Langham, assistant professor of vocal production in the Department of Theatre, is a trained actress and vocal coach who recently brought her talents to UT.
This academic year, she has coached actors in productions of The Miracle Worker, A Christmas Carol and A Midsummer Night’s Dream.
“Working in the Theatre Department at UT is wonderful,” Langham said. “I am surrounded by talented and dedicated students and am fortunate enough to be working with colleagues who have worked across the creative industries at the highest professional level for many years.”
Growing up in Wolverhampton, England, Langham made her way to the Royal Conservatoire of Scotland to pursue her dreams of becoming a professional actress. It was during her postgraduate training at the Royal Academy of Music in London that she noticed she had a knack for voice and speech.
“I was convinced I wanted to be on the stage,” she said. “I worked professionally as an actor for a number of years. I performed across the UK and worked at a number of well-known theaters for example, Regent’s Park Open Air Theatre, the Royal Opera House Covent Garden, Southwark Playhouse, Shakespeare’s Globe, Steppenwolf Chicago, the Bridewell Theatre, Opera Holland Park, and the Wyndhams Theatre.”

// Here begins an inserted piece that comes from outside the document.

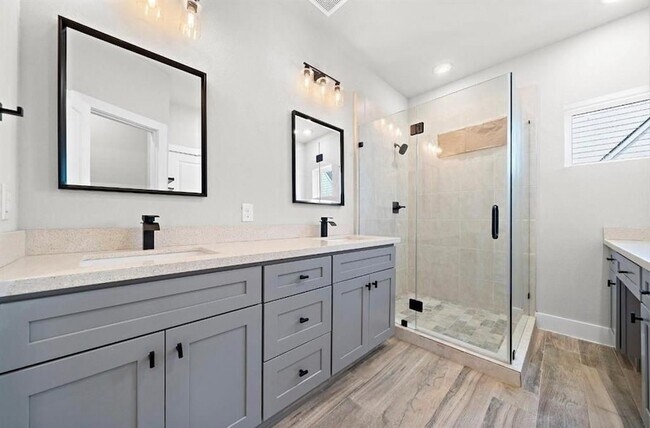 Photo - 232 W 28th St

Realizing that being a full-time actor made her uncomfortable because of the uncertainty, she decided to re-focus her career and trained to teach voice and speech at the Royal Central School of Speech and Drama in London.
After receiving her master’s degree in speech, she landed a job as the head of voice at Paul McCartney’s Liverpool Institute for Performing Arts and taught there for four years.
Before crossing the pond and coming to Knoxville, Langham managed her own freelance coaching business, speaksmart, and assisted in coaching actors for the UK television series Peaky Blinders which is now on Netflix. She has worked on a feature film and coached at the Old Vic Theater where actor Kevin Spacey is the artistic director.
She came to work at UT in 2014.
So how many accents does Langham really know?
“I don’t know the exact number of accents I can speak in, but a fair few,” she said. “Naming a favorite is impossible. The intriguing thing about accent and dialect is that sound and language are always evolving so there are always new discoveries to be made.”